Der durch den Krieg in der Ukraine ausgelöste Preisschock hat auch die Student:Innen stark getroffen. Steigende Lebensmittelpreise, höhere Strom- und Energiekosten, möglicherweise auch höhere Kaltmieten lassen den finanziellen Spielraum für Student:Innen schrumpfen. 2016 wurden die durchschnittlichen monatlichen Ausgaben von Student:Innen auf 867 Euro geschätzt. Jedoch stieg der Verbraucherpreisindex zwischen 2016 und 2021 um 8,6 Prozent. Mit der erwarteten Inflationsrate von 8,4 Prozent für das Jahr 2022 beträgt die Preissteigerung, bezogen auf das Jahr 2016, also 17 Prozent. Die durchschnittlichen monatlichen Ausgaben der Student:Innen von heute sind inzwischen auf 1.014,39 Euro angewachsen.

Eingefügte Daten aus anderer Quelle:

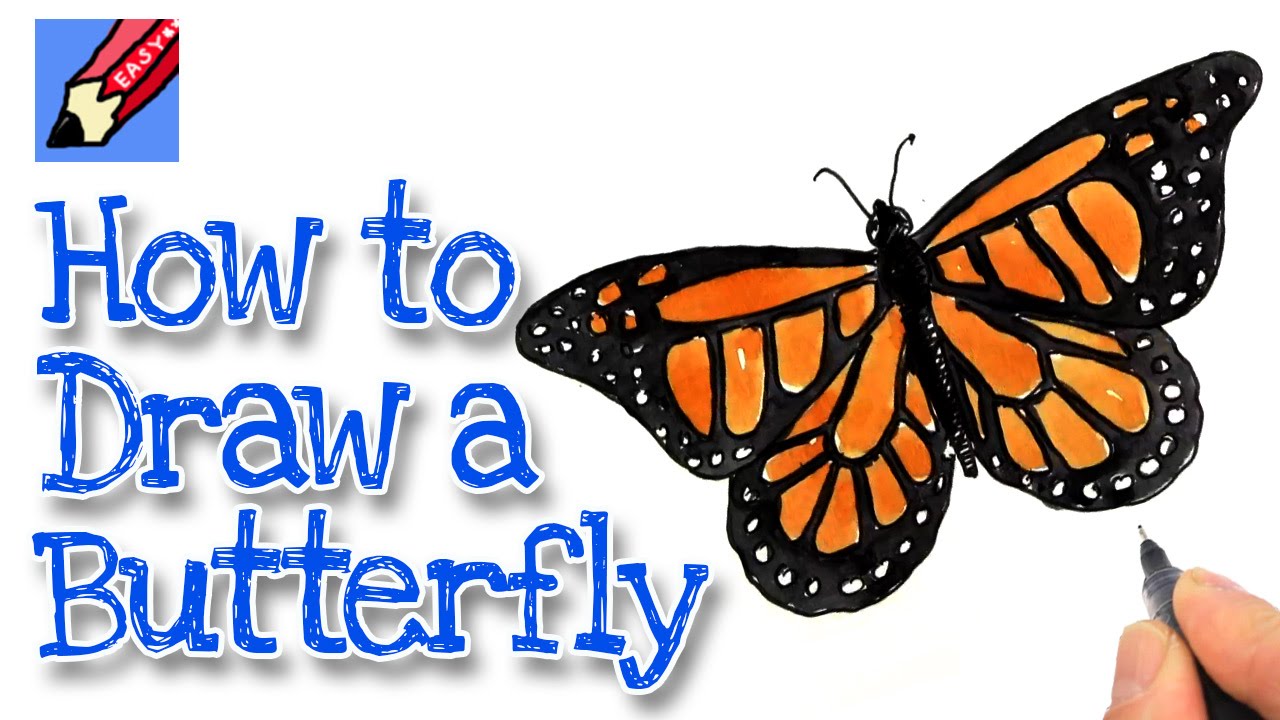 1280x720 How To Draw A Monarch Butterfly Real Easy - Monarch Butterfly Sketch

Finanzierungsmöglichkeiten während des Studiums stellen in der Regel Mini-Jobs und BAföG oder Stipendien dar. Der durchschnittliche BAföG-Förderbetrag im Jahr 2021 betrug 579 Euro. Dieser deckt in der Regel rund 50 Prozent der durchschnittlichen Ausgaben. Die Aufnahme eines Mini-Jobs ist also, wenn keine Bezuschussung durch die Eltern erfolgen kann, ein Muss. Durch die Erhöhung der Mini-Job-Grenze kann hier mit Einnahmen in Höhe von 520 Euro gerechnet werden. Damit stünden auf der Einnahmeseite insgesamt rund 1.100 Euro zur Verfügung. Die Ausgabenseite wäre durch diese regelmäßigen Einkünfte gerade so gedeckt.

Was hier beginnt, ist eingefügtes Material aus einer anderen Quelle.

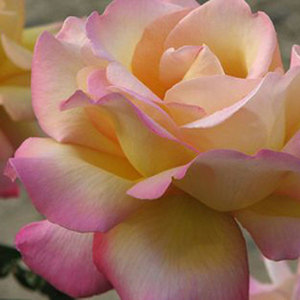 Hybrid Tea Bush: Peace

Allerdings erhalten Student:Innen derzeit Gelder aus den von der Bundesregierung beschlossenen Entlastungspaketen: für Student:Innen mit Mini-Jobs 500 Euro, für Student:Innen ohne Mini-jobs 200 Euro.

Nach dem Studium arm?

Bei dieser Kalkulation wurde indes mit Prämissen gearbeitet, die nicht für alle Student:Innen selbstverständlich sind. So ist die Möglichkeit, neben einem Vollzeitstudium überhaupt einen Mini-Job aufzunehmen, ein zeitlicher Mehraufwand, den viele Student:Innen nicht leisten können. Anders ließe sich nur schwer erklären, dass lediglich 33,5 Prozent einen universitären Abschluss in Regelstudienzeit absolvieren, argumentieren Befürworter:Innen der These, Nebenjobs seien im Studium vor allem Zeitfresser. Daraus ergeben sich Folgeprobleme, unter anderem da die BAföG-Förderung grundsätzlich nur im Rahmen ebendieser Regelstudienzeit erfolgt.

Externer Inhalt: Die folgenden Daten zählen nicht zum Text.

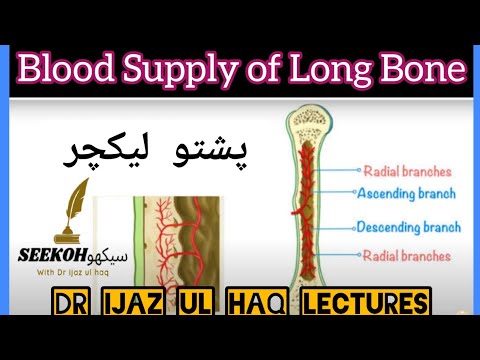 Blood Supply of Long Bone || By Dr ijaz Ul Haq|| in Pushto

Die Rechnung hinter der Förderlinie fußt dabei auf der Annahme, dass alle zur Verfügung stehenden staatlichen Leistungen auch tatsächlich in Anspruch genommen werden. Da bürokratische und/ oder sprachliche Hürden die Antragsstellung oft verhindern, ist dies allerdings nicht immer der Fall. Auch die Funktionsweise des BAföG stellt eine Hürde dar: Die Aussicht, sich im Studium zu verschulden, ohne zu wissen, ob man es sich in der Zukunft leisten kann, das Darlehen zurückzuzahlen, macht vielen Angst, wie Umfragen zeigen.